Famous insurer Lloyd’s of London is also one of the best-known names in the space, and the insurer has a proven track record of covering unique risks – like David Beckham’s legs and the Titanic.
Even if working with an ordinary insurance company, you may end up with surplus lines insurance. You may have ordered a homeowners insurance policy from State Farm, for example, only to receive a notification that your policy will be provided through surplus lines insurance because of a unique risk. This is most often seen with coverage for things like a mudslide or items that are highly valued.
Who Needs Surplus Lines Insurance?
If you cannot buy insurance from the ordinary marketplace, then you may need to buy surplus lines coverage.
Some of the people who may need surplus lines insurance include:
- People who own uniquely valuable items – like high-end artwork, a fleet of classic cars, or high-value collectible items.
- Someone with a unique or difficult-to-insure item – like an ultra high-end racehorse.
- Someone with a custom-made home, yacht, or other unique high-value item.
- A business with a large liability risk – like an amusement park or demolition contractor
- Homeowners who live in a unique, difficult-to-insure location – like on the shores of an eroding island or on a steep mountainside
- Any other business owner or homeowner with a large, unique, or unpredictable risk.
In all of these situations, the homeowner or business owner may be unable to obtain insurance through the ordinary market, leading them to the surplus lines marketplace.
Some States Have an “Export List” for Surplus Lines Insurance
Unsure if your insurance needs fall under surplus lines coverage? Some states have an “export list” outlining specific coverages that may fall under surplus lines.
In California, for example, the export list includes insurance policies covering kidnapping, ransom, amusement parks, demolition contractors, and hot air balloon businesses, among others.
Some states, meanwhile, include flood insurance on the export list. Insurers in New York may sell flood insurance if the homeowner isn’t able to obtain coverage through federal flood insurance programs (like FEMA’s NFIP).
How to Buy Surplus Lines Insurance
Insurance agents sell surplus lines coverage across the United States. You can contact an insurance agent directly or call a surplus lines provider.
In many cases, however, homeowners may not even know they’re getting surplus lines coverage until receiving a notification from their insurer. Your insurer may notify you that they were unable to provide coverage for a certain risk, however, which is why you’re getting surplus lines coverage instead.
You May Have Limited Recourse If Your Insurer Goes Bankrupt
You depend on insurance to be there when you need it most. However, if your surplus lines insurer goes bankrupt, you may have limited recourse. This makes your research into the coverage much more important.

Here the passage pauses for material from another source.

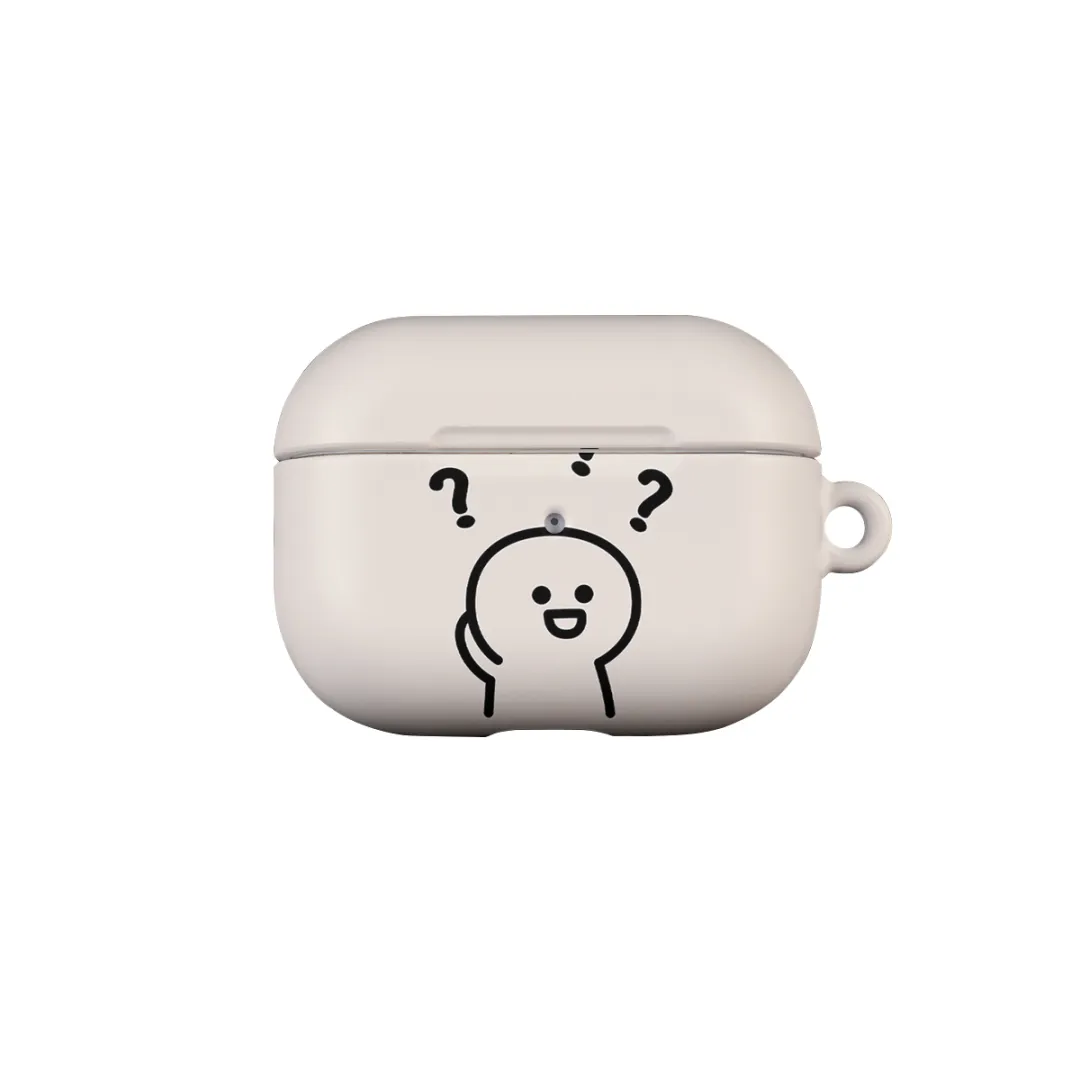 Keshami Compatibility With Apple AirPods Pro 3/Pro 2/AirPods 4/3 PC Question Mark Line Man Headphone Cases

As the Texas Department of Insurance explains, surplus lines companies aren’t members of a guaranty association. Guaranty associations protect policyholders when insurers fail or go bankrupt. Typically, policyholders receive some compensation through a guaranty association after their insurer goes bankrupt. With surplus lines coverage, however, that’s not the case.
Final Word: You May Need Surplus Lines Insurance
If you have a unique insurable need and are unable to obtain insurance through the ordinary marketplace, then you may require surplus lines insurance.
Whether you’re a homeowner or business owner, you could require surplus lines insurance to cover a unique risk – like a large liability or a home built in a unique location.